K(r)ampf mit dem Verbrenner-Aus Warum Auto-Bosse genervt sind und von der Leyen immer mehr einknickt
12.09.2025, 19:37 Uhr Artikel anhören
Das Verbrenner-Aus ab 2035 kommt "schnellstmöglich" auf den Prüfstand. Ist das die Rolle rückwärts in der EU?
(Foto: picture alliance / dpa)
Die Spitzen der europäischen Autoindustrie werben bei EU-Kommissionspräsidentin Ursula von der Leyen erneut für mehr Spielraum beim geplanten Verbrenner-Aus. Von der Leyen signalisiert: Der Kurs bleibt, rückt aber in Trippelschritten davon ab. Manche können die Debatte nicht mehr hören.
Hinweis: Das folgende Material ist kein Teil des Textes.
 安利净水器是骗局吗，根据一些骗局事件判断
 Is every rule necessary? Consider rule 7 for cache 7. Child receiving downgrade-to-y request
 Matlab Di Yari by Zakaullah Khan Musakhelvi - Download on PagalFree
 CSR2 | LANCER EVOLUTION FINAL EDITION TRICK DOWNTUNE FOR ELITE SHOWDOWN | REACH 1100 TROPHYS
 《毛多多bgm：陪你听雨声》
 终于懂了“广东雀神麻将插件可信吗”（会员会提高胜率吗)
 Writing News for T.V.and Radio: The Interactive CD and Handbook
Der EU-Beschluss steht seit 2022: Ab 2035 dürfen Neuwagen mit klassischen Verbrennungsmotoren nicht mehr zugelassen werden. Damit soll der Verkehrssektor seinen Beitrag zum Klimaschutz leisten. Zwei Zugeständnisse hatte Brüssel beim Verbrennerverbot bereits gemacht - eine Ausnahme für E-Fuels sowie eine Lockerung der CO2-Flottengrenzwerte. Die neuen Grenzwerte müssen nach der Lockerung im Frühjahr nicht mehr in diesem Jahr erreicht werden, sondern nur im Durchschnitt der drei Jahre 2025 bis 2027. Doch die Branche fordert vehement weitere Entlastungen.
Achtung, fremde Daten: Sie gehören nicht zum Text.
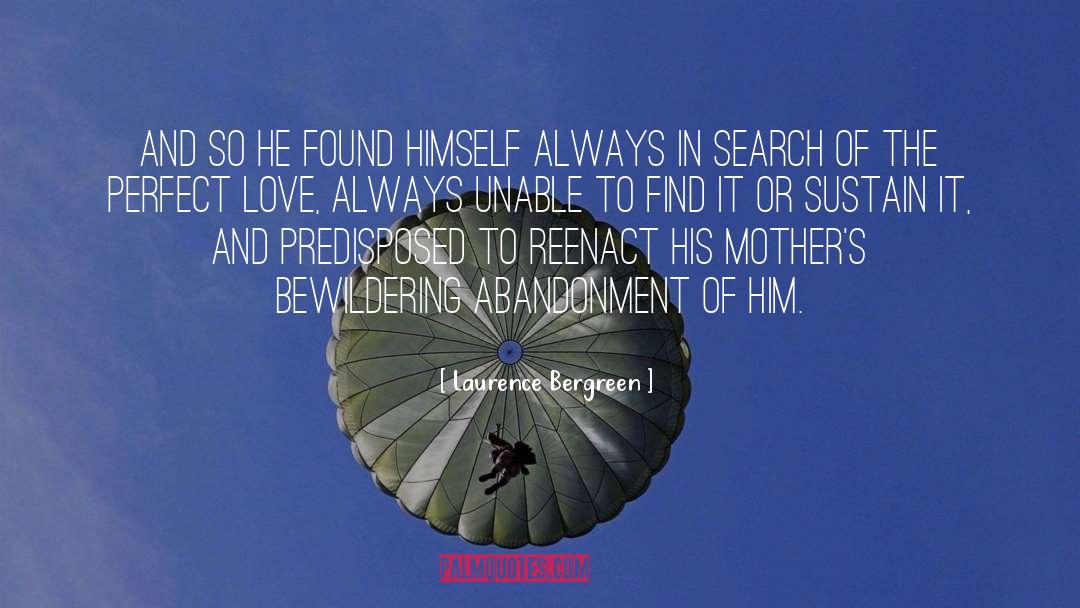 Love And Abandonment quotes by Laurence Bergreen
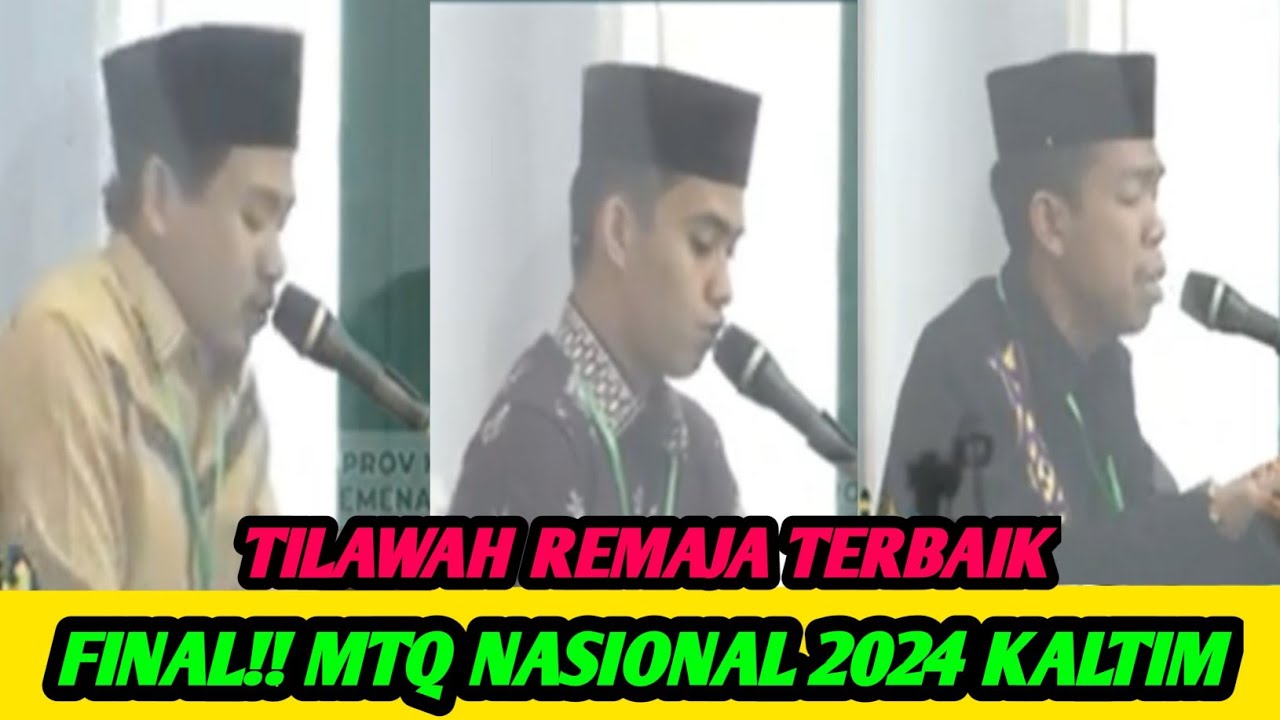 FINAL!! TILAWAH REMAJA PUTRA-MTQ NASIONAL 2024 KALTIM#mtqnasional2024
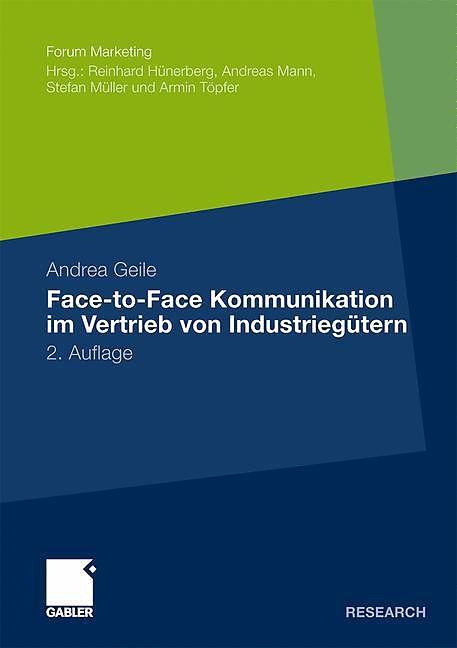 Produktbild Face-to-Face Kommunikation im Vertrieb von Industriegütern (Deutsch, 2011)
Am heutigen Freitag kamen Vertreter der Autoindustrie mit der EU-Kommission zusammen, um erneut über die Zukunft einer Branche mit 13 Millionen Beschäftigten in der EU zu beraten, die ohnehin unter Druck steht. Im Vorfeld hatte Kommissionspräsidentin Ursula von der Leyen zwar hohen Erwartungen eine Absage erteilt. In einem Positionspapier, das dem "Handelsblatt" vorlag, betonte sie, die EU halte am Zeitplan für das Verbrenner-Aus fest. "Die Zukunft ist elektrisch", hatte sie auch in ihrer Rede zur Lage der EU am Mittwoch bekräftigt. Nach dem Treffen hörte sich das jedoch anders an: Die EU will das Verbot von Verbrennermotoren bei Neuwagen ab 2035 ein Jahr früher als geplant, noch Ende dieses Jahres, überprüfen. Von der Leyen erklärte bei X, sie habe "die Bedenken der Industrie gehört".
Autoindustrie unter Druck
Drei Jahre nach dem Beschluss und mehreren Anpassungen später geben die Branchenvertreter nicht auf. Nachrichten über Gewinneinbrüche und Stellenstreichungen aus der Branche reißen nicht ab. Hersteller und Verbände beklagen hohe Kosten durch die Transformation zur Elektromobilität, eine schwache Nachfrage nach Elektroautos und massiven Druck durch die Konkurrenz aus China. Der Verband der Automobilindustrie (VDA) und auch Bundeskanzler Friedrich Merz fordern deshalb mantraartig "mehr Flexibilität".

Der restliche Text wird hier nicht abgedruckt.